Without including any images, please transcribe all the lines below exactly.

*Source material*.
┌──

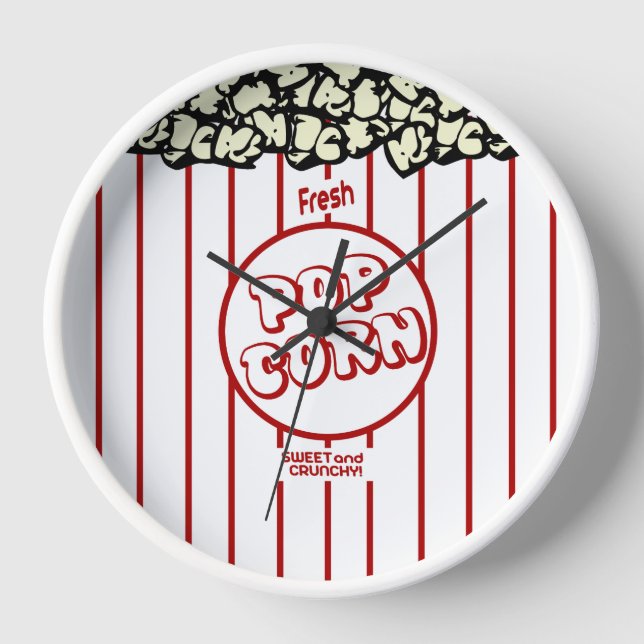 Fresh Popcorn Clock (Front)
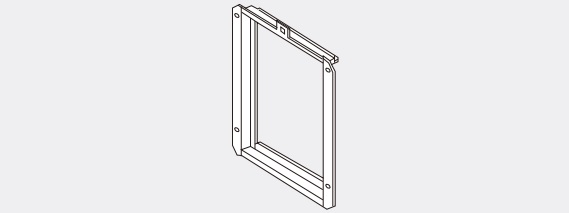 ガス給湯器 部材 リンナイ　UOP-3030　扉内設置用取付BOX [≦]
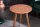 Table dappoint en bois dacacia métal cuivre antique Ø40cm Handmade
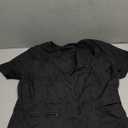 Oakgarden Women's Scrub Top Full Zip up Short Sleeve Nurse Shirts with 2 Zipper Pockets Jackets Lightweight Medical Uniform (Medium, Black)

└──

*Written solution*.
 Fresh Popcorn Clock (Front)
 ガス給湯器 部材 リンナイ　UOP-3030　扉内設置用取付BOX [≦]
 Table dappoint en bois dacacia métal cuivre antique Ø40cm Handmade
 Oakgarden Women's Scrub Top Full Zip up Short Sleeve Nurse Shirts with 2 Zipper Pockets Jackets Lightweight Medical Uniform (Medium, Black)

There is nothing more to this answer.